BioWorld International Correspondent
Biovitrum AB moved into oncology by acquiring a preclinical platform targeting the insulin-like growth factor-1 receptor (IGF-1R) from Axelar AB for an undisclosed sum.
Axelar, founded by Magnus Axelson and Olle Larsson, both professors at the Karolinksa Institute in Stockholm, Sweden, identified a series of orally active, small-molecule allosteric inhibitors of IGF-1R that showed anticancer activity in a series of animal models. A lead compound, BVT.5104, has been selected and will shortly enter clinical development.
"We plan to move this compound into the clinic during 2005," said Terje Kalland, chief scientific officer at Stockholm-based Biovitrum.
The company was attracted to the project, he said, because of its uniqueness. IGF-1R, a membrane-bound tyrosine kinase that acts as a growth factor during development, is well recognized as a cancer target.
"The target is very interesting because it controls both the way tumor cells grow and how they die," he said. It appears to be active in around 80 percent to 90 percent of all breast, lung, prostate and colon cancers.
Finding inhibitors with sufficient selectivity has proved difficult, however, as most screens tend to result in the detection of non-selective ATP competitors that inhibit the activity of multiple kinases. "That's what you get if you screen a library from a pharmaceutical company - you get ATP competitors," Kalland said. A particular problem with many inhibitors of IGF-1R is that they also affect the insulin receptor, a closely related tyrosine kinase with an identical ATP-binding pocket.
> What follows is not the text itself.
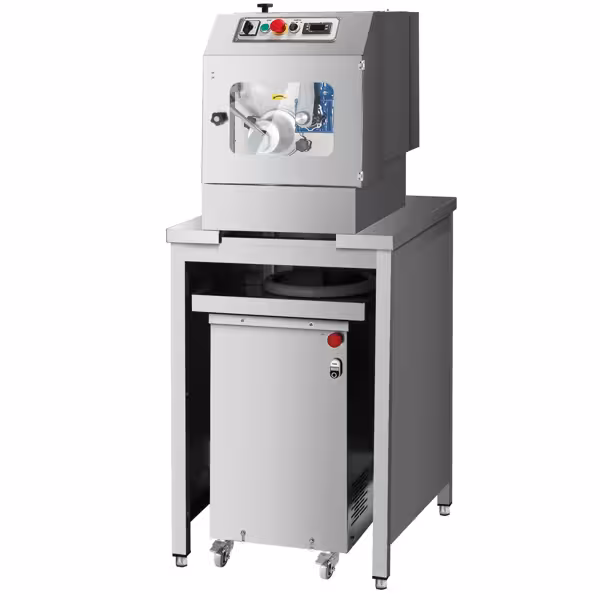 Portioneermachine incl. deegroller & onderstel - 0,93kW - Gewichtsbereik: ~50-800g - Capaciteit: 30kg - max. 340 st./u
Typically, they achieve a 10- to 25-fold reduction in IGF-1R activity as compared with that of the insulin receptor.
"Normally you like to see at least a 100-fold [reduction]," Kalland said.
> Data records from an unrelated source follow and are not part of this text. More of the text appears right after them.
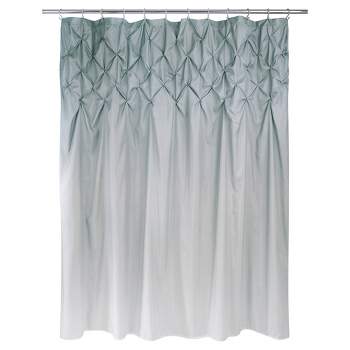 Ombre Pintuck Shower Curtain Gray - Allure Home Creations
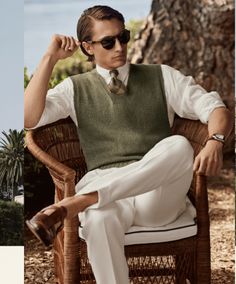 Ralph Lauren Spring Summer 2023, Summer 2023 Men, 1920s California, Polo Sweater Outfit, Ralph Lauren Spring Summer, Sweater Outfits Men, British Style Men, Polo Shirt Outfits, Preppy Men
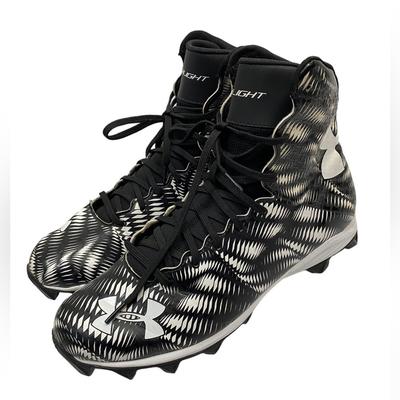 Under Armour Shoes | Under Armour Cleats Football Athletic Clutch Highlights Sports Shoes Men’s 11.5 | Color: Black/White | Size: 11.5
Axelar's series of leads are not ATP competitors, but bind outside the ATP-binding pocket and induce a conformational change that results in a 1,000-fold reduction of IGF-1R activity relative to the insulin receptor. Moreover, they have demonstrated tumor regression, as well as inhibition, in animal models.
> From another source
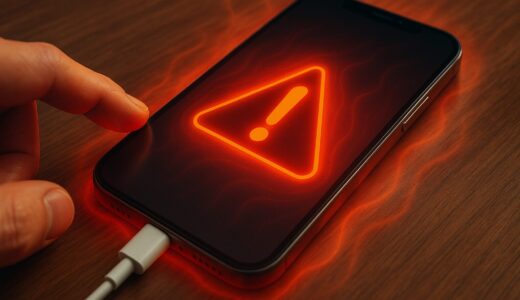【iPhone】充電しながら使うと高温注意が出やすくなる？法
Several other companies have preclinical projects targeting IGF-1R with biologics. Immunogen Inc., of Cambridge, Mass., licensed an anti-IGF-1R antibody to Sanofi-Aventis, of Paris, last year, while Insmed Inc., of Glen Allen, Va., is developing insulin-like growth factor binding protein-3, which it describes as a naturally occurring tumor agent.
"The potential advantage of a small molecule is that it will freely penetrate a tumor," Kalland said.